CPU Instruction Sets (click to see more)
- JPH_USE_SSE4_1 - Enable SSE4.1 CPU instructions (default: on, x86/x64 only)
- JPH_USE_SSE4_2 - Enable SSE4.2 CPU instructions (default: on, x86/x64 only)
- JPH_USE_F16C - Enable half float CPU instructions (default: on, x86/x64 only)
- JPH_USE_LZCNT - Enable the lzcnt CPU instruction (default: on, x86/x64 only)
- JPH_USE_TZCNT - Enable the tzcnt CPU instruction (default: on, x86/x64 only)
- JPH_USE_AVX - Enable AVX CPU instructions (default: on, x86/x64 only)
- JPH_USE_AVX2 - Enable AVX2 CPU instructions (default: on, x86/x64 only)
- JPH_USE_AVX512 - Enable AVX512F+AVX512VL CPU instructions (default: off, x86/x64 only)
- JPH_USE_FMADD - Enable fused multiply add CPU instructions (default: on, x86/x64 only)
To override the default trace and assert mechanism install your own custom handlers in Trace and AssertFailed (see IssueReporting.h).
To implement your custom memory allocator override Allocate, Free, AlignedAllocate and AlignedFree (see Memory.h).
Windows 10+
-
MSVC CL (default compiler)
- Download Visual Studio 2022 (Community or other edition)
- Download CMake 3.15+ (https://cmake.org/download/)
- Run cmake_vs2022_cl.bat
- Open the resulting project file VS2022_CL\JoltPhysics.sln
- Compile and run either 'Samples' or 'UnitTests'
MSVC CL - 32 bit
- Download Visual Studio 2022 (Community or other edition)
- Download CMake 3.15+ (https://cmake.org/download/)
- Run cmake_vs2022_cl_32bit.bat
- Open the resulting project file VS2022_CL_32BIT\JoltPhysics.sln
- Compile and run either 'Samples' or 'UnitTests'
MSVC Clang compiler
- Download Visual Studio 2022 (Community or other edition)
- Make sure to install "C++ Clang Compiler for Windows 11.0.0+" and "C++ Clang-cl for v142+ build tools (x64/x86)" using the Visual Studio Installer
- Download CMake 3.15+ (https://cmake.org/download/)
- Run cmake_vs2022_clang.bat
- Open the resulting project file VS2022_Clang\JoltPhysics.sln
- Compile and run either 'Samples' or 'UnitTests'
MSVC Universal Windows Platform
- Download Visual Studio 2022+ (Community or other edition)
- Make sure to install "Universal Windows Platform development" using the Visual Studio Installer
- Download CMake 3.15+ (https://cmake.org/download/)
- Run cmake_vs2022_uwp.bat
- Open the resulting project file VS2022_UWP\JoltPhysics.sln
- Compile and run 'UnitTests'
MinGW
- Follow download instructions for MSYS2 (https://www.msys2.org/)
- From the MSYS2 MSYS app run: pacman -S --needed mingw-w64-x86_64-toolchain mingw-w64-x86_64-cmake
- From the MSYS2 MINGW x64 app, in the Build folder run: ./cmake_windows_mingw.sh
- Run: cmake --build MinGW_Debug
- Run: MinGW_Debug/UnitTests.exe
Linux
-
Debian flavor, x64 or ARM64
- Install clang (apt-get install clang)
- Install cmake (apt-get install cmake)
- Run: ./cmake_linux_clang_gcc.sh
- Go to the Linux_Debug folder
- Run: make -j$(nproc) && ./UnitTests
Debian flavor, MinGW Cross Compile
- This setup can be used to run samples on Linux using wine and vkd3d.

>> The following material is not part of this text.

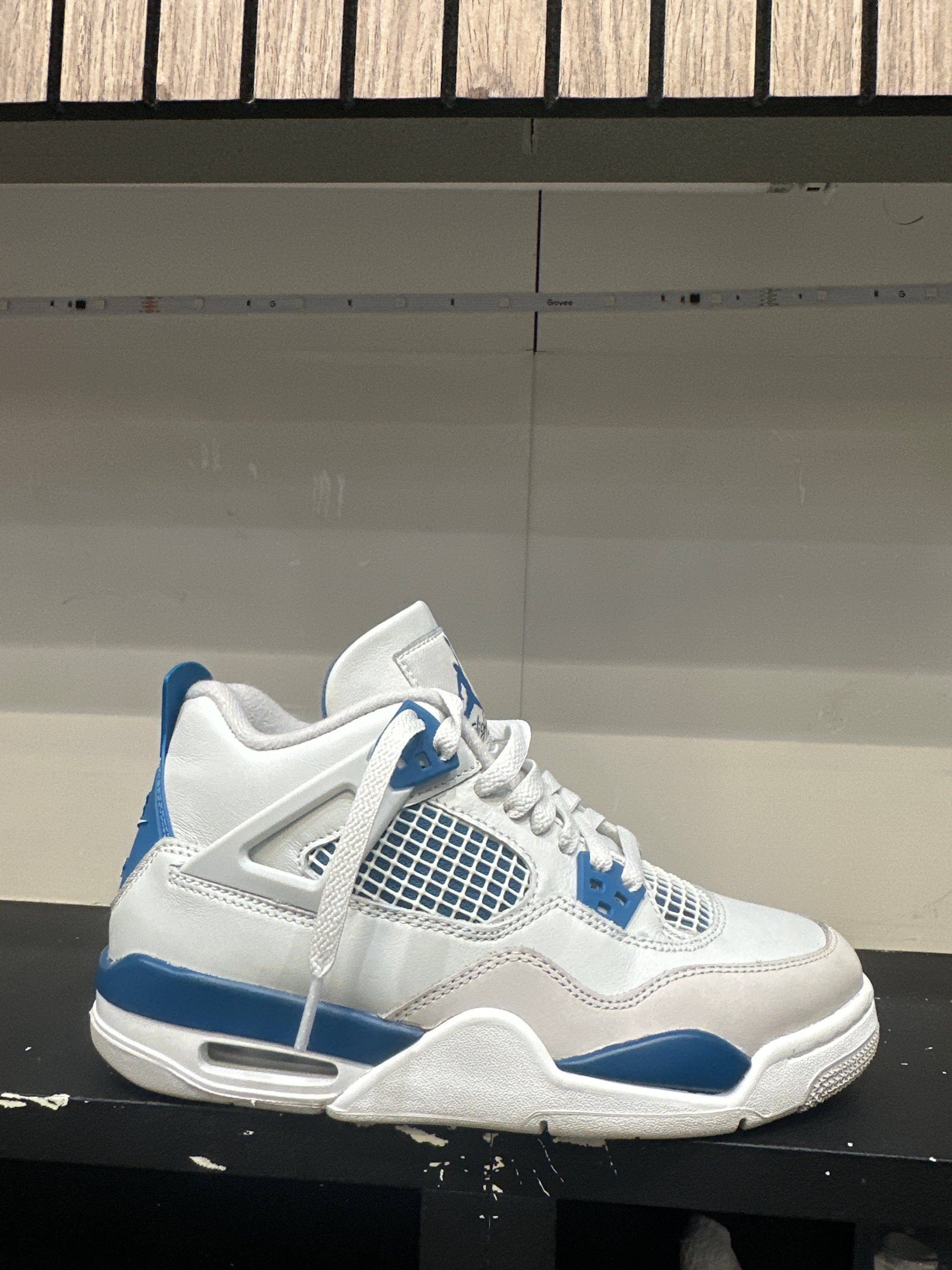 Air Jordan 4 "Military Blue" (pre-owned)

Tested on Ubuntu 22.04
- Graphics card must support Vulkan and related drivers must be installed
- Install mingw-w64 (apt-get install mingw-w64)
- Run: update-alternatives --config x86_64-w64-mingw32-g++ (Select /usr/bin/x86_64-w64-mingw32-g++-posix)

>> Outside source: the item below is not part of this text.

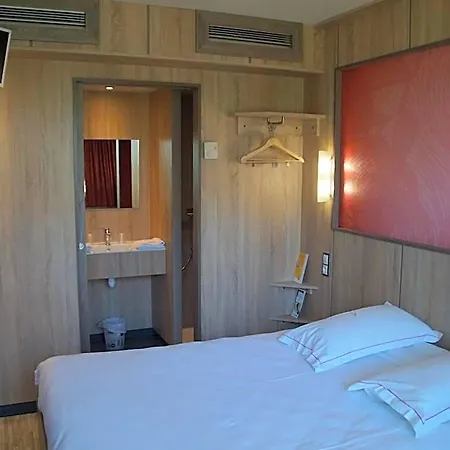 Hotel The Originals Access Aéroport,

- Install cmake (apt-get install cmake)
- Install wine64 (apt-get install wine64)
- Run: export WINEPATH="/usr/x86_64-w64-mingw32/lib;/usr/lib/gcc/x86_64-w64-mingw32/10-posix" (change it based on your environment)
- Run: ./cmake_linux_mingw.sh Release (Debug doesn't work)
- Go to the MinGW_Release folder
- Run: make -j$(nproc) && wine UnitTests.exe
- Run: wine Samples.exe
Android
- Install Android Studio 2020.3.1+ (https://developer.android.com/studio/)
- Open the 'Android' folder in Android Studio and wait until gradle finishes
- Select 'Run' / 'Run...' and 'UnitTests'
- If the screen turns green after a while the unit tests succeeded, when red they failed (see the android log for details)
macOS
- Install XCode
- Download CMake 3.23+ (https://cmake.org/download/)
- Run: ./cmake_xcode_macos.sh
- This will open XCode with a newly generated project
- Build and run the project
- Note that you can also follow the steps in the 'Linux' section if you wish to build without XCode.
iOS
- Install XCode
- Download CMake 3.23+ (https://cmake.org/download/)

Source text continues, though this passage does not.